INPUT FOR THIS TASK →
• • • • • • •
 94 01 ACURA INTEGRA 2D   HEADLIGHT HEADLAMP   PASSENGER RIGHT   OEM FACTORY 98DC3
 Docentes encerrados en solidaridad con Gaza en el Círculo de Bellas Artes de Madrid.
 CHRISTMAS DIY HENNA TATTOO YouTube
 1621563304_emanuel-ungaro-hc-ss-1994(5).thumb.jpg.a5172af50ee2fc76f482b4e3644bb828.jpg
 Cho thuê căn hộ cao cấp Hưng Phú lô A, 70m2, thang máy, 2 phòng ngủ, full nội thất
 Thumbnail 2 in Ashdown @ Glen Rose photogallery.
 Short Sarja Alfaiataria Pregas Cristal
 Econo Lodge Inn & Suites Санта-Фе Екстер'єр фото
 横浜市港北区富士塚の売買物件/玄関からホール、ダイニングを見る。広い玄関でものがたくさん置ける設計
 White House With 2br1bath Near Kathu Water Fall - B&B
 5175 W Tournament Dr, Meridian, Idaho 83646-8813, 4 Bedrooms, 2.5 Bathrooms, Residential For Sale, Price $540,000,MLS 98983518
• • • • • • •
TASK REQUIREMENTS → The lines wanted are those from the one containing "CHRISTMAS DIY HENNA TATTOO YouTube" through the last line of the listing above. Repeat them exactly.

TASK RESULT →
 CHRISTMAS DIY HENNA TATTOO YouTube
 1621563304_emanuel-ungaro-hc-ss-1994(5).thumb.jpg.a5172af50ee2fc76f482b4e3644bb828.jpg
 Cho thuê căn hộ cao cấp Hưng Phú lô A, 70m2, thang máy, 2 phòng ngủ, full nội thất
 Thumbnail 2 in Ashdown @ Glen Rose photogallery.
 Short Sarja Alfaiataria Pregas Cristal
 Econo Lodge Inn & Suites Санта-Фе Екстер'єр фото
 横浜市港北区富士塚の売買物件/玄関からホール、ダイニングを見る。広い玄関でものがたくさん置ける設計
 White House With 2br1bath Near Kathu Water Fall - B&B
 5175 W Tournament Dr, Meridian, Idaho 83646-8813, 4 Bedrooms, 2.5 Bathrooms, Residential For Sale, Price $540,000,MLS 98983518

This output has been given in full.